START Provided material

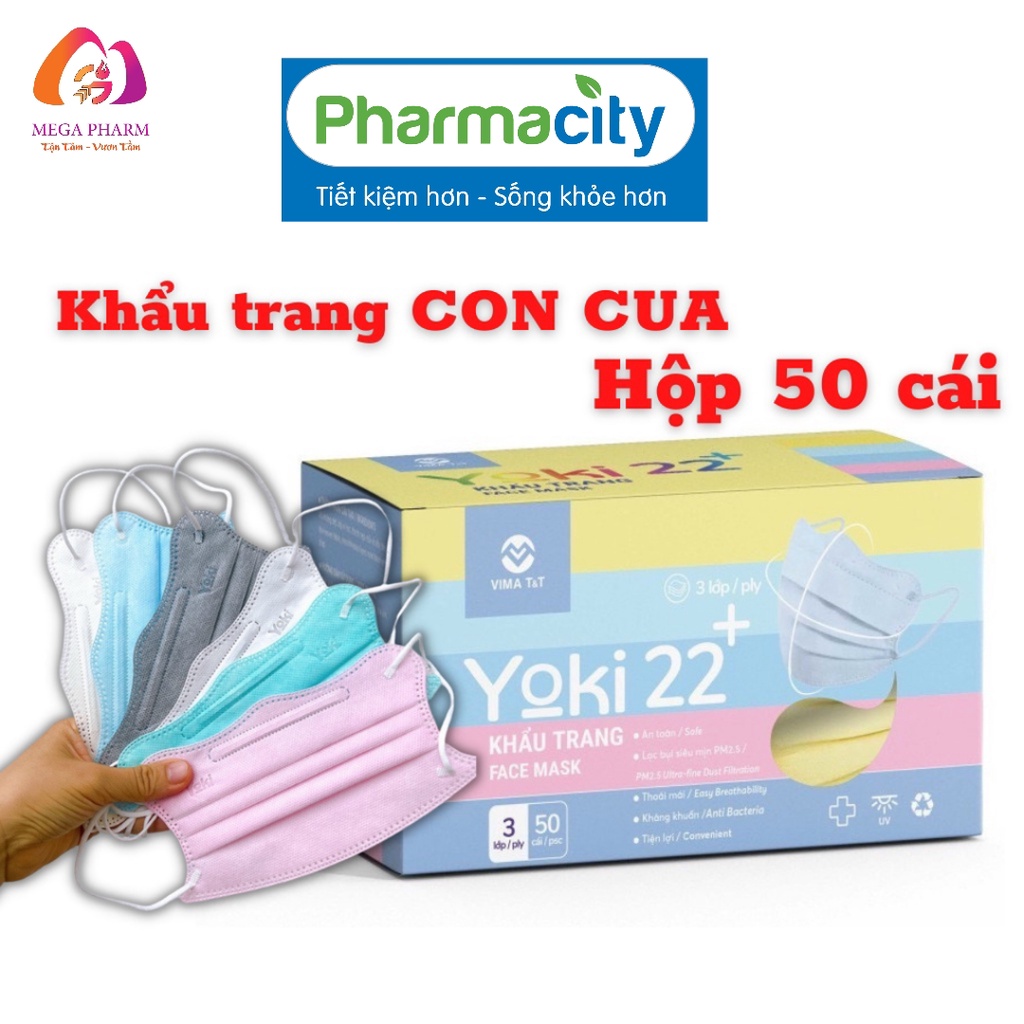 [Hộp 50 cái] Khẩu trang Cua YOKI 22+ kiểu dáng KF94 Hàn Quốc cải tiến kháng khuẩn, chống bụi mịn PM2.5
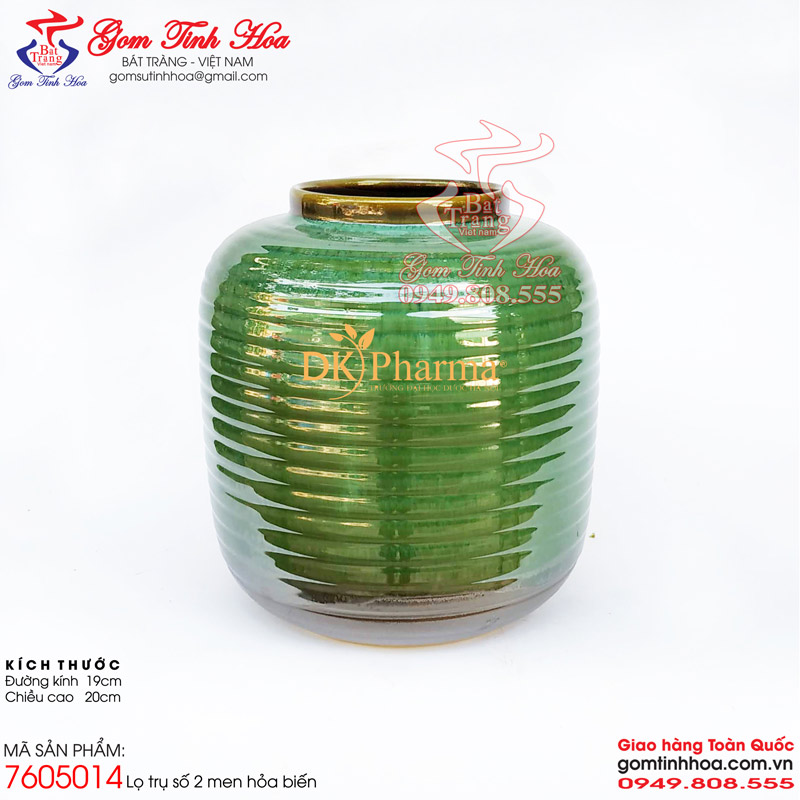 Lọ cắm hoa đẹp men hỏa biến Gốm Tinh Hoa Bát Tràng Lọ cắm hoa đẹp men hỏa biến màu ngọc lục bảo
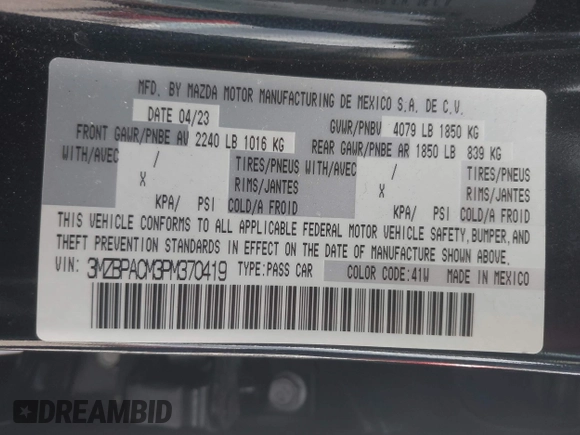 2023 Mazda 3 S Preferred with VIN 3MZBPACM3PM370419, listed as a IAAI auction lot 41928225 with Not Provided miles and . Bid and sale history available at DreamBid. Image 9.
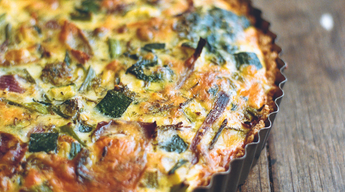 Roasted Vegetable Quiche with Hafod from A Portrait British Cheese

END Provided material

### Aim of the task
Could you repeat each line above exactly as written? Omit the pictures.

### Solution for this problem
 [Hộp 50 cái] Khẩu trang Cua YOKI 22+ kiểu dáng KF94 Hàn Quốc cải tiến kháng khuẩn, chống bụi mịn PM2.5
 Lọ cắm hoa đẹp men hỏa biến Gốm Tinh Hoa Bát Tràng Lọ cắm hoa đẹp men hỏa biến màu ngọc lục bảo
 2023 Mazda 3 S Preferred with VIN 3MZBPACM3PM370419, listed as a IAAI auction lot 41928225 with Not Provided miles and . Bid and sale history available at DreamBid. Image 9.
 Roasted Vegetable Quiche with Hafod from A Portrait British Cheese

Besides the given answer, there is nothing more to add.